Possierlich, herzig und ganz wuschelig
Marilyn Manson gibt sich in der Tonhalle so freundlich wie nie, doch fehlt es der Show etwas an Biss
Man kann nicht sein ganzes Leben lang auf der Bühne splitternackt Bibeln zerreißen, aber ein bisschen wohliges Ekel-Gruseln hätte man sich dann doch gewünscht vom so genannten Schockrocker Marilyn Manson (40). Allzu possierlich war es anzusehen, wie er seine Tourbegleiterin herzte und Gitarrist Twiggy Ramirez durchs Haar wuschelte.

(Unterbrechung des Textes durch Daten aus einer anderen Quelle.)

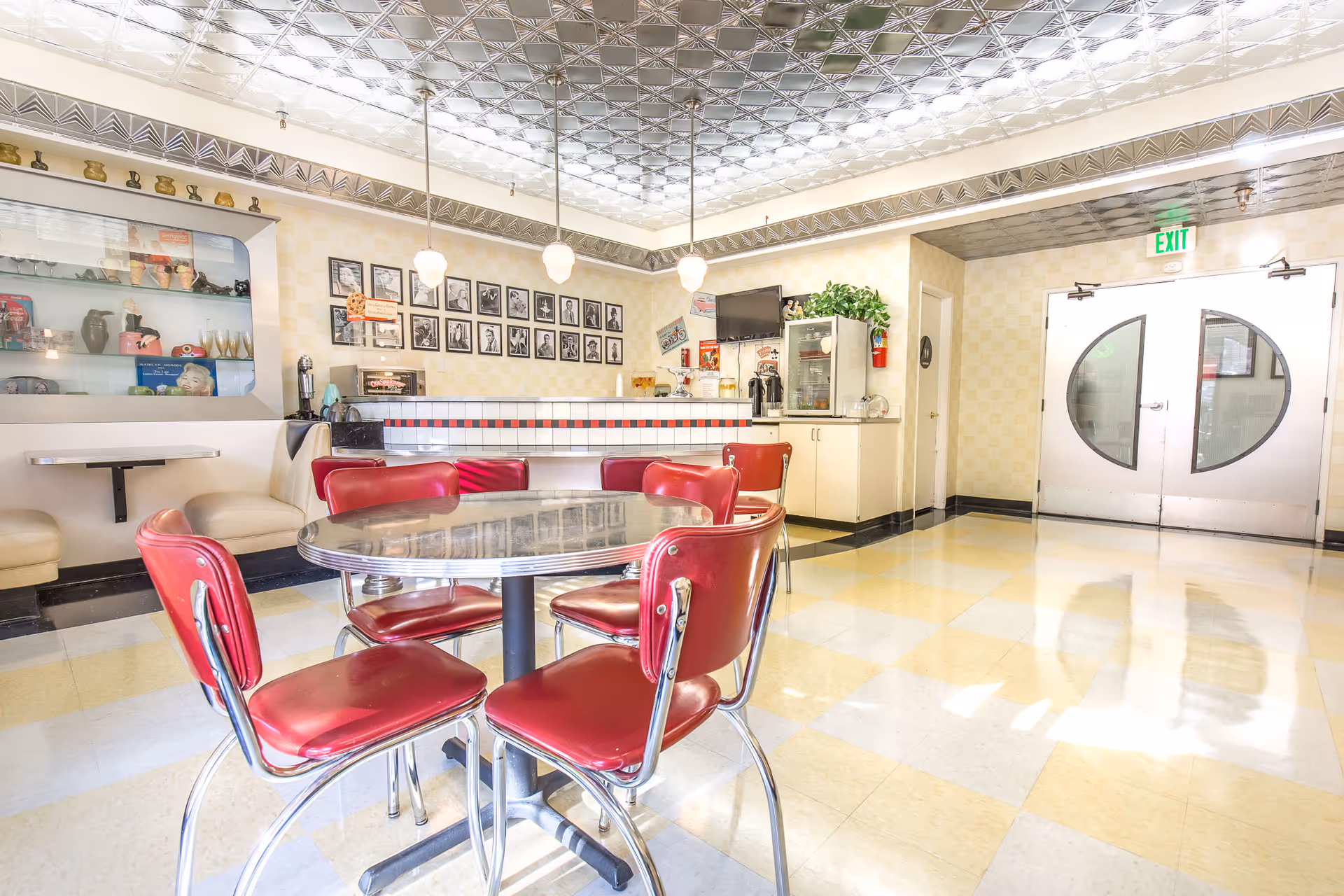Bright dining area with a round table surrounded by red cushioned chairs. The room features a retro style with a tiled floor, a counter with stools, framed black and white photos on the wall, and a display cabinet with various items. There are pendant lights hanging from a decorative ceiling and double doors with circular windows leading outside.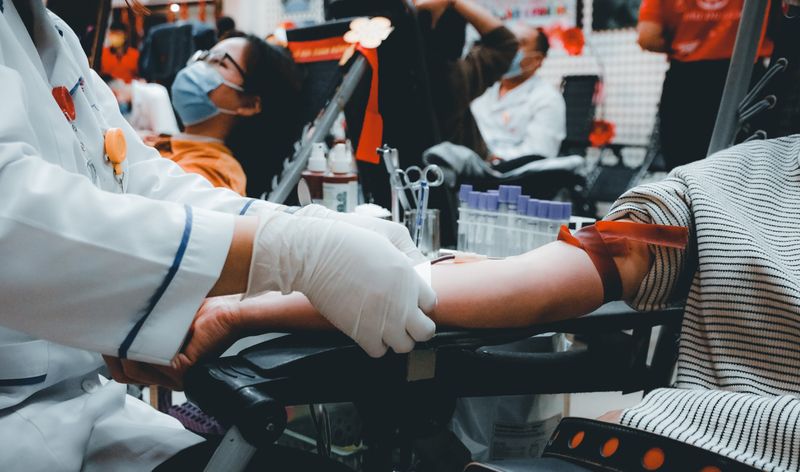 A phlebotomist taking blood from a patient's arm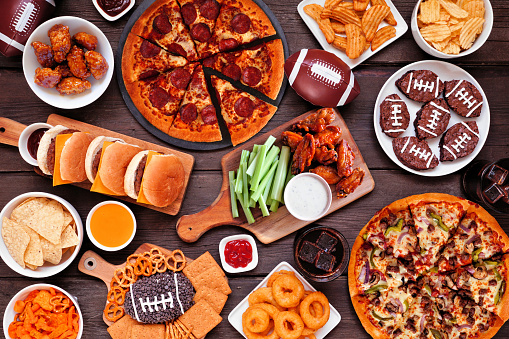 Super Bowl or football theme food table scene. Pizza, hamburgers, wings, snacks and sides. Overhead view on a dark wood background.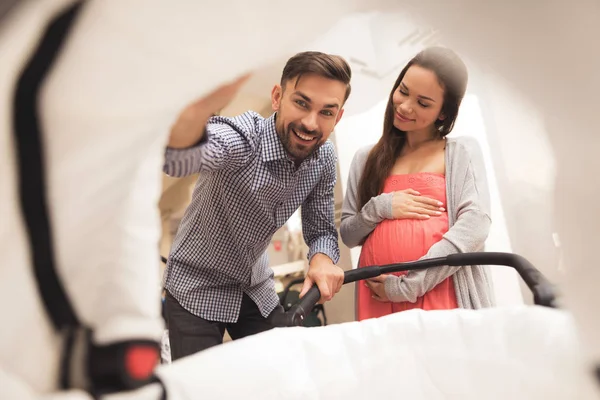 En gravid kvinna tillsammans med en man väljer en barnvagn. — Stockfoto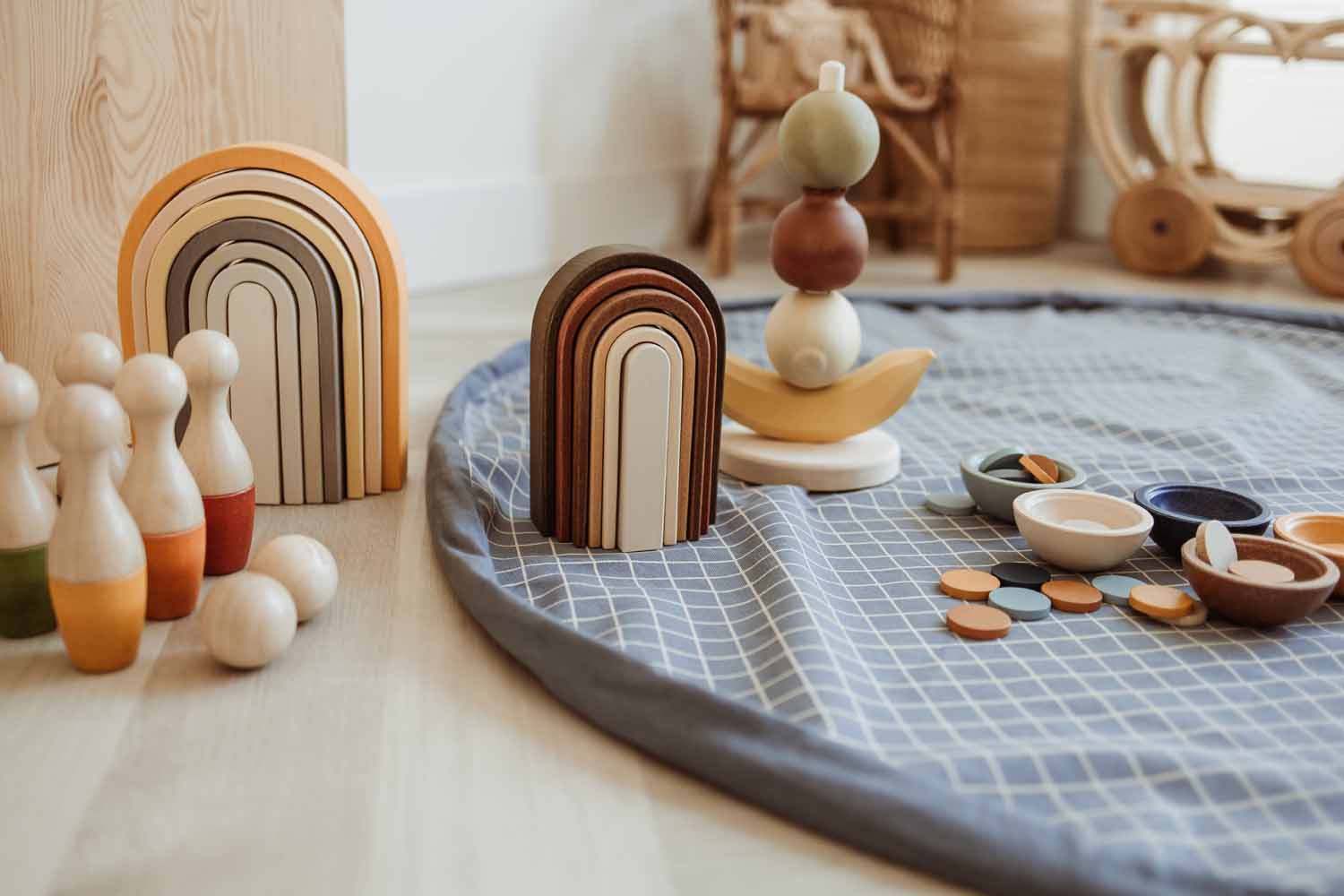 open organic grid blue storage bag, on floor, wooden toys, fruit pyramid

Ja, Manson war hingebungsvoll bemüht es an diesem Abend allen recht zu machen. Gleich zu Beginn gab’s Komplimente für das in die Tonhalle geschrumpfte Publikum (ursprünglich war das wesentlich größere Zenith gebucht): „You are the best crowd we had and I will fuck you.“ Nach dieser Ankündigung präsentierte Manson ein Programm, das die Fans nicht mit allzu vielen unbekannten Songs vom neuen Album „The High End Of Low“ überforderte. Routiniert und in bestechender Soundqualität präsentierte die Band zum Großteil ältere Lieder.
Und beim augenzwinkernden Geknüppel von „Beautiful People“ oder dem schleppenden Knarze-Beat von „Dope Show“ erinnert man sich auch wieder daran, wie Manson zusammen mit seinem Ex-Kumpel Trent Reznor in den 90ern die eingestaubte amerikanische Rock-Szene aufmischte, indem sie den Industrialrock populär machten. Jetzt stehen die Zeichen also auf Ausgleich: Ein bisschen Selbstzerstörung, ein bisschen Amerika-Hass, viele unflätige Worte – nichts Neues. Marilyn Manson hat sich mit vergangenen Tabubruch-Aktionen selbst zur Schockfigur gemacht, einem Ruf, dem er jetzt hinterherhinkt. Auch als Entertainer, der er zweifelsohne ist, sollte er sich was einfallen lassen. Es müssen ja nicht unbedingt zerrissene Bibeln sein.